Conto I

Tem certos dias que tudo parece desconexo e o tempo das coisas derredor se mostra diferente a cada momento e os acontecimentos nos convencem de que há um destino a nossa espera, mas, o fluir do dia te leva a um bar, e lá, depois de algumas doses, você resolve todos os problemas, sejam eles quais forem.

Pois bem, o meu dia não foi diferente e já eram quase duas da madrugada quando entrei em um bar, (depois de perambular por horas). Havia na entrada um luminoso vermelho que se ascendia e se apagava freneticamente, indiferente ao ritmo das pessoas que entravam ou saiam. Olhei para os sapatos, bati os contra a calçada, afim de livrá-los do pó acumulado durante a caminhada, passei as mãos pelos cabelos e entrei.

No interior do recinto, a pouca iluminação dava sensação de que o tempo era duas vezes mais lento que o normal. Poucas pessoas estavam presentes e como que por um acordo, estavam distantes umas das outras, cada qual parecia estar num planeta diferente, sem par, isoladas no universo de seus problemas.

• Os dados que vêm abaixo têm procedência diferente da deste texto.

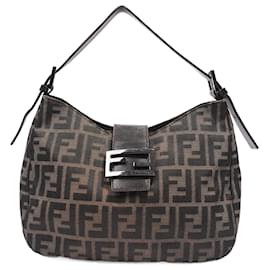 Fendi-Fendi Zucca Croissant Bag Brown Canvas-Brown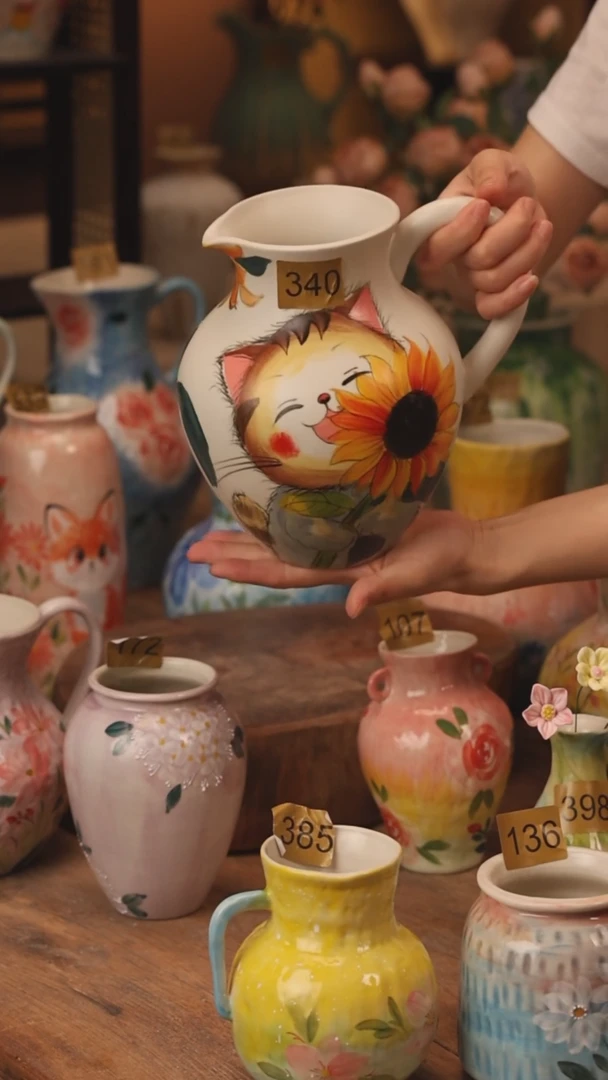 陶瓷340景德镇设计师手作花器摆件侘寂风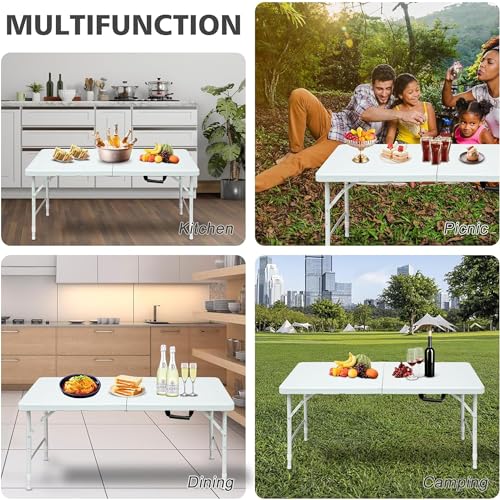 4ft White Plastic Folding Table with Carry Handle Y25052
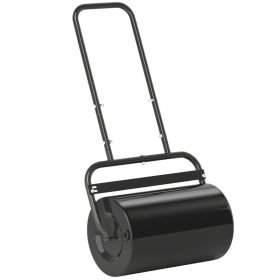20-Inch Push/Tow Behind Lawn Roller Filled with 10 Gal Water or Sand for Flattening Sod in the Garden, Black (Option: Black-640x400x370 mm)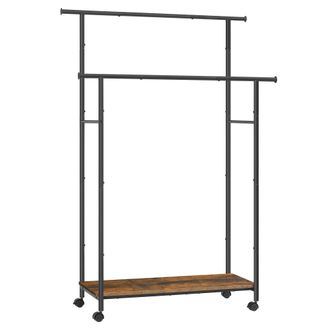 Songmics Perchero de doble barra con estante de acero de color marr&oacute;n y negro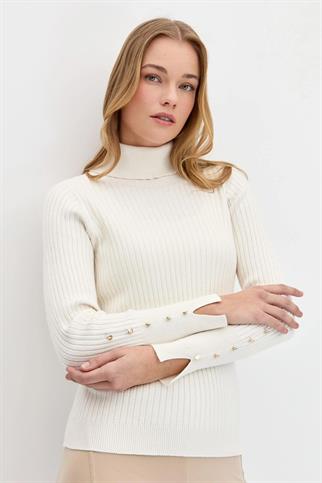 BALIKÇI YAKA KOLLARI DÜĞMELİ KEMİK KADIN KAZAK 24184-TB-2K5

Dirigi-me ao balcão, algumas cadeiras estavam enfileiradas em toda extensão do móvel, nenhuma delas me agradou.Então mesmo de pé solicitei uma vodka com dois cubos de gelo, tomei o copo na mão direita e me virei para ver o ambiente de outro ângulo, logo a minha frente, percebi por detrás de uma nuvem de fumaça uma jovem, fumando lentamente.

Sua aparência despertava curiosidade, e foi justamente o que me fez fixar o olhar por mais tempo que o necessário, como se fosse possível desvendar ali, naquele momento, todo mistério que a envolvia.

Não vencida a curiosidade, tomei um trago (desceu queimando) fui na direção da obscura criatura. Aproximei-me suavemente, para não perturbar a atmosfera que a circundava e sem nada dizer, me sentei, olhei-a de frente, enquanto saboreava o último trago do cigarro ela me olhou. Como se olha para algo que não se pode entender ou explicar. A maquiagem já desbotada ou borrada em algumas partes do rosto denunciava seu estado de lucidez perturbada, apertou a ponta do cigarro contra o fundo do cinzeiro e me disse, agora desviando o olhar. A voz era triste, porém firme: “você provavelmente tem algo de maior importância a fazer, então me deixe só!”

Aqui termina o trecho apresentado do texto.